# When do you let your birds fly?



## pringle (Jan 27, 2011)

Ok,I am new here and looking into getting about 3 pairs of pigeons come spring.I have a 5x5 loft,which I am attaching a 5x2 outdoor rabbit cage(all wire except top and back) to its side.Im making a trap door onto the front of the rabbit hutch with a wooden landing board.First question when the birds come back all hungry when I call them should I feed them in the rabbit cage or the loft?Do I have to make a door to the rabbit cage seperating it from the loft so they dont get cold or are they good?I am thinking of getting roller pigeons as my first pigeons are they particularly hard to raise?And of course lastly what time of day do you let yours fly.I read in an article hawks wake up first thing in the morning and start hunting and slacken off in the afternoon,do you think this is true?I am really exited and hope you guys can answer my questions.Thanks


----------



## RodSD (Oct 24, 2008)

I let birds fly in the afternoon. At my place there is no safe time to fly, but I vary my flight time in the afternoon area.

Rollers are easier to home unlike homers. What I don't like is that BOP's attracts them and they are easy to catch unlike homers. They are fun to watch though once they start rolling. It is like watching a trapeze act or some circus events.


----------



## Keith C. (Jan 25, 2005)

I would feed them in the loft proper, but put the water in the rabbit cage, so that any water that spills falls to the ground outside.

You can leave the flight open to the loft. Pigeons take cold temperatures well as long as they are sheltered from wet weather.

Birmingham rollers are very easy to raise. They are prolific breeders and generally pretty healthy.

Like Rod said, afternoon is safer and it is good to switch up the time if you have problems.

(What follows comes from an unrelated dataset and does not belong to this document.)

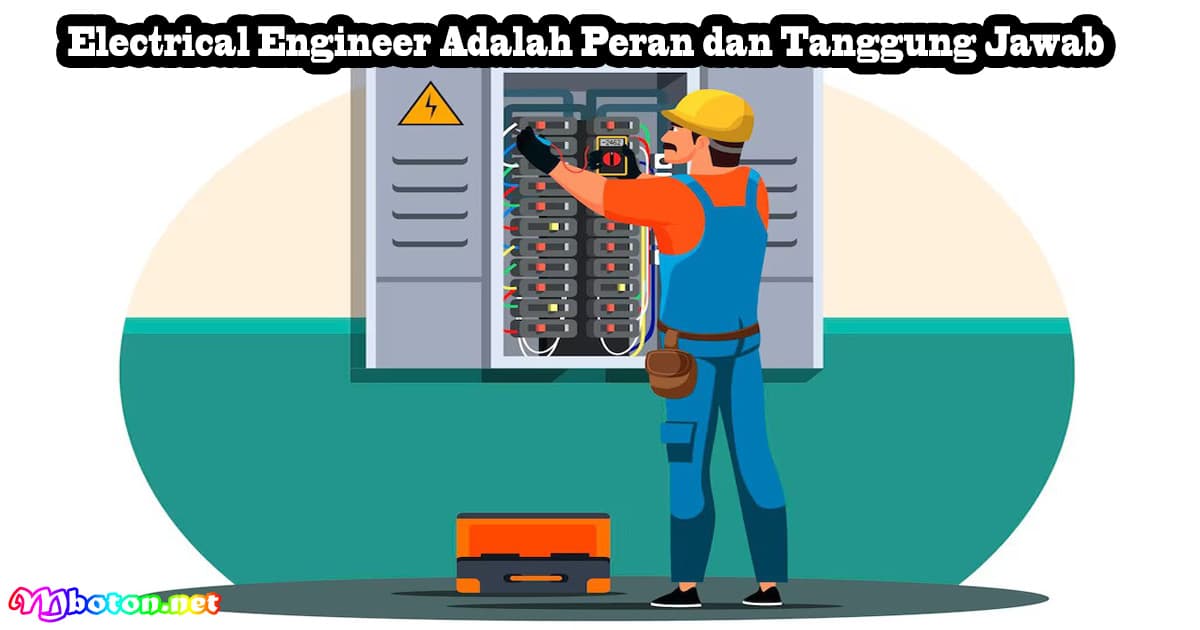 Electrical Engineer Adalah Peran dan Tanggung Jawab 6 Electrical Engineer Adalah Peran dan Tanggung Jawab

I also recommend not feeding wild birds if you fly rollers. The bird buffet at a birdfeeder attracts and holds cooper hawks in the area.


----------



## pringle (Jan 27, 2011)

Wow thanks for the info and just one more question I forgot to ask,when the parents are raising the young or setting on the eggs and I let them fly in the afternoon,will both fly for a little while or just one of the parents?I just want each one to get exercise to be happy.Thanks


----------



## Keith C. (Jan 25, 2005)

During the afternoon, the male will most likely be on the eggs or young birds, while they are still small.
Cocks usually stay on eggs from late morning to evening and hens on the eggs from evening to morning. The hens usually get stuck with a longer shift.


----------



## Ross Howard (Nov 26, 2009)

pringle said:


> Wow thanks for the info and just one more question I forgot to ask,when the parents are raising the young or setting on the eggs and I let them fly in the afternoon,will both fly for a little while or just one of the parents?I just want each one to get exercise to be happy.Thanks


Most folk don't fly breeders when they have babies if they lose one or both of the parents to hawks or whatever then unless your able to find feeders or feed them yourself you will lose the babies as well. Sad day all around.


----------



## RodSD (Oct 24, 2008)

It is risky to fly breeders. If you insists on flying them I usually would fly after one week after the baby hatched. My reason is that after one week the pigeon milk is already used up and the baby is getting a mix of seeds. If one of the parents die (and the other parent abandons the baby), then you have to hand feed them baby bird formula, but is a pain (time consuming).


----------



## pringle (Jan 27, 2011)

Ok sorry if im not getting anything then how are people able to fly there pigeons?Is there a certain breeding season for them becouse I have heard they also lay in the winter???


----------



## Keith C. (Jan 25, 2005)

Pigeons can breed all year, but breed best when the weather is good.
Lots of pigeon racers use their pigeons desire to return to young birds in the nest to motivate their race teams. 
Take a look at the racing forum:
http://www.pigeons.biz/forums/f14/
People on this forum have different views of what is right or wrong, on how pigeons are handled. 
It does not mean that one side is bad and the other good. It just reflects that we are individuals with different outlooks on life.
The varying opinions make this a richer more interesting site.


----------



## Guest (Jan 31, 2011)

I fly mine at 9:00am an 5:00pm


----------



## Chilangz (Apr 3, 2008)

Its hot in Bangalore now......but people prefer to race between 9 AM to 6 PM.


----------



## sirpigeon (Jan 25, 2002)

I only fly my homers late spring thru early fall. I never fly in the winter or I'd just be feeding the hawks. But the hawks never bother my birds in the summer. A pair of red-tail hawks nest in the valley behind my yard in the summer.


----------